Figure 1. The multi-channel asymmetric auto-encoder. The multi-channel asymmetric auto-encoder is composed of an encoder block that dedicates one encoder to each sensor channel and a decoder block to reconstruct every signal in the output. Every encoder starts with a batch normalization layer followed by four repetitions of the convolutional layer and max pooling layer. Each decoder is made up of a batch normalization layer followed by four deconvolutional layers. All of the convolutional and deconvolutional layers share the same features. The max pooling layer is utilized for down-sampling. It is also used to examine the impact of signal reconstruction on representation learning as the unsupervised baseline.

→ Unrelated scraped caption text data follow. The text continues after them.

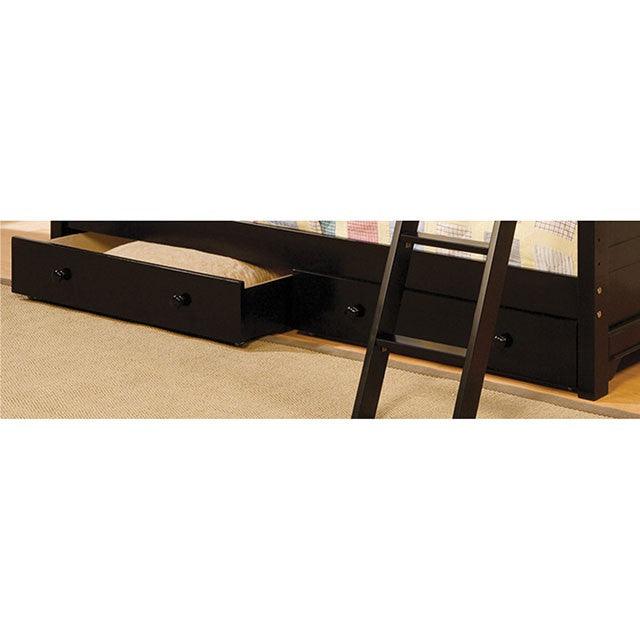 Chesapeake CM-BK616DR Black Contemporary Underbed Drawers By Furniture Of America - sofafair.com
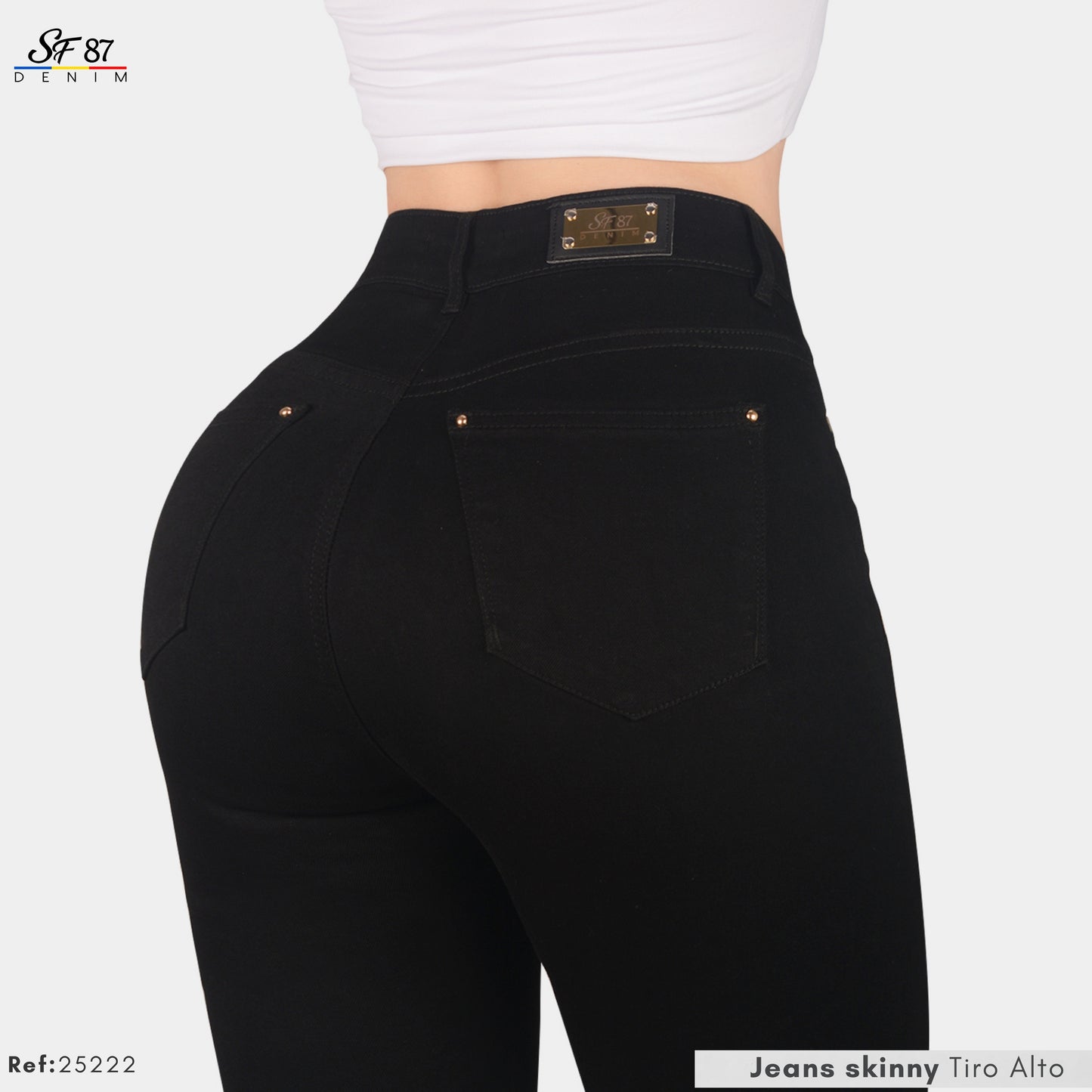 Jeans Skinny Tiro Alto 25222
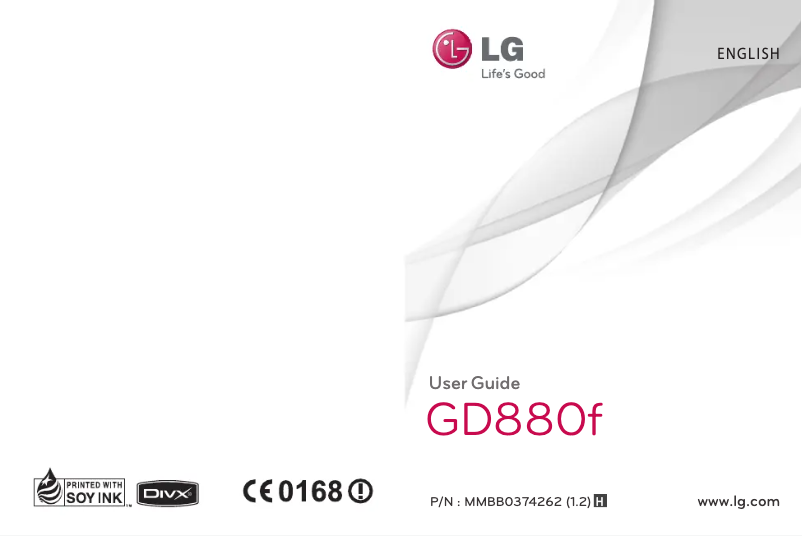 Página nº 1 - Manual de usuario LG GD880F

Figure 2. The supervised baseline. Inspired by the unsupervised multi-channel asymmetric auto-encoder, this supervised baseline only uses the encoder block to perform activity classification. It is also used to examine the recognition performance in the absence of signal reconstruction.

Figure 3. The proposed multi-task learning model (MCAE). The proposed model architecture combines the unsupervised (signal reconstruction) and supervised (HAR classification) tasks. Thus, this multi-task learning model is formed of the multi-channel asymmetric auto-encoder and the classification head for the HAR task. The classification head flattens the latent features and passes them to a batch normalization layer followed by a dense layer with Softmax activation function.

Figure 4. The loss and Root Mean Square Error (RMSE) of the unsupervised baseline for signal reconstruction using different activation functions on the UCI-HAR dataset. Although all the loss values look similar, Selu performs better, which is represented when looking at RMSE.

Figure 5. Signal reconstruction from the UCI-HAR dataset using the unsupervised baseline and Selu activation function. (a) shows the worst signal reconstruction in the dataset regarding RMSE which is from walking activity. On the other hand, (b) presents the best reconstruction of walking activity as a comparison.

Figure 6. Latent space comparison. As one sees, in (a), the latent space of the unsupervised baseline, one of the activities, lying, is far from the others. The other activities are closer to each other. They shape two clusters, though. We can see that walking activities shape one cluster on the top. Additionally, sitting and standing form another cluster in the middle. On the other hand, in the latent space of the supervised baseline, (b), activities are well separated. However, sitting and standing are pretty close, and there is a negligible overlap between walking and walking upstairs.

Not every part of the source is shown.